我有一个如下所示的数据框
df_yes = pd.DataFrame({
'subject_id':[1,1,1,1,1,1,1,1,1,1,1,1],
'time_1' :['2173-04-03 12:35:00','2173-04-03 12:50:00','2173-04-03
12:59:00','2173-04-03 13:14:00','2173-04-03 13:37:00','2173-04-03
13:39:00','2173-04-04 11:30:00','2173-04-05 16:00:00','2173-04-05
22:00:00','2173-04-06 04:00:00','2173-04-06 04:30:00','2173-04-06
08:00:00'],
'val' :[5,5,5,5,1,6,5,5,8,3,4,6]
})
df_yes['time_1']= pd.to_datetime(df_yes['time_1'])
我想做的是在一天内得到一个特定值的countand 。cumduration我为此编写了以下代码
s=pd.to_timedelta(24,unit='h')-(df_yes.time_1-df_yes.time_1.dt.normalize())
df_yes['tdiff'] = df_yes.groupby(df_yes.time_1.dt.date).time_1.diff().shift(-1).fillna(s)
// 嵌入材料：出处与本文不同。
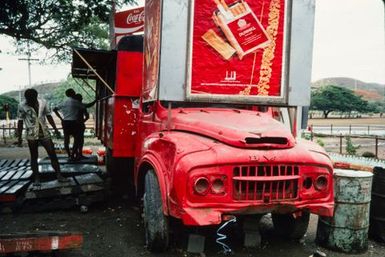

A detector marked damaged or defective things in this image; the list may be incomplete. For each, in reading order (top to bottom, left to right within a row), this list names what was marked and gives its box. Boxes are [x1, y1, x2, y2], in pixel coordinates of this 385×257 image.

rusty barrel [316, 168, 372, 252]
df_yes['t_d'] = df_yes['tdiff'].dt.total_seconds()/3600
df_yes['hr'] = df_yes['time_1'].dt.hour
df_yes['min'] = df_yes['time_1'].dt.minute
df_yes['date'] = df_yes['time_1'].dt.date
df_yes['day'] = pd.DatetimeIndex(df_yes['time_1']).day
## the below code is where I get the count and cum duration of a specific value in day for each hour
pd.DataFrame(df_yes.groupby(['date','hr','val'])['t_d'].agg({'cumduration':sum,'freq':'count'}).reset_index())
它产生如下所示的输出
如您所见,它弄乱了时间顺序。我的意思是出现的第一个值13th hour of 2173-04-03是,5但它显示为1. 如果您在我的数据框中看到时间信息,您就会有所了解。我没有使用minutegroup by 子句中的信息,因为它不允许我根据小时对值进行分组。希望这些信息有帮助
我希望我的输出是根据时间排序的。您可以看到它是如何根据时间组件排列的。